*THE DATA*
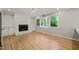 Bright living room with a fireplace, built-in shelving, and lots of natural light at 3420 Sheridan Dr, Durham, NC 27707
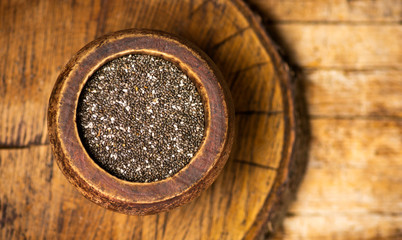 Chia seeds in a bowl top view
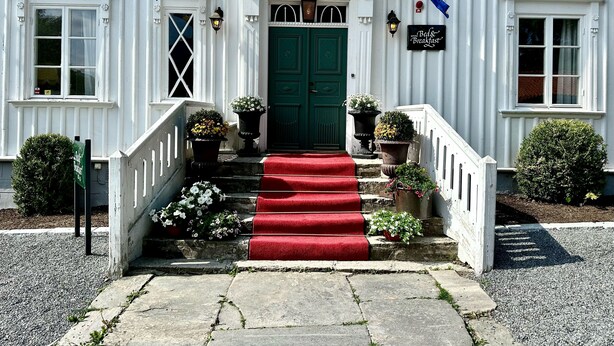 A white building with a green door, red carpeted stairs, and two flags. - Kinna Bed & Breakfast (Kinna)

* * *

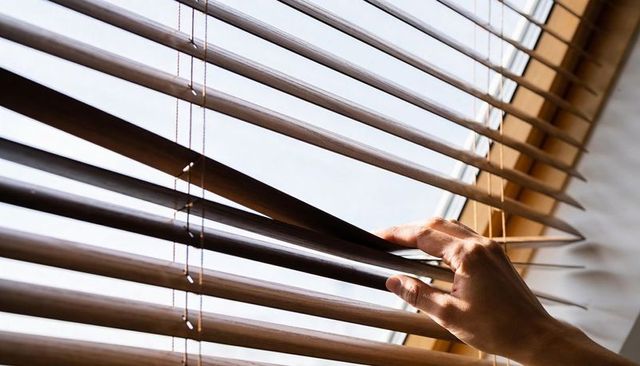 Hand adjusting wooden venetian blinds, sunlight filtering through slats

*WHAT YOU NEED TO DO*
Precisely those lines above that run from the line with "Bright living room" up to and including the line with "A white building" are to be set down, with the pictures omitted.

*ANSWER TO THE PROBLEM*
 Bright living room with a fireplace, built-in shelving, and lots of natural light at 3420 Sheridan Dr, Durham, NC 27707
 Chia seeds in a bowl top view
 A white building with a green door, red carpeted stairs, and two flags. - Kinna Bed & Breakfast (Kinna)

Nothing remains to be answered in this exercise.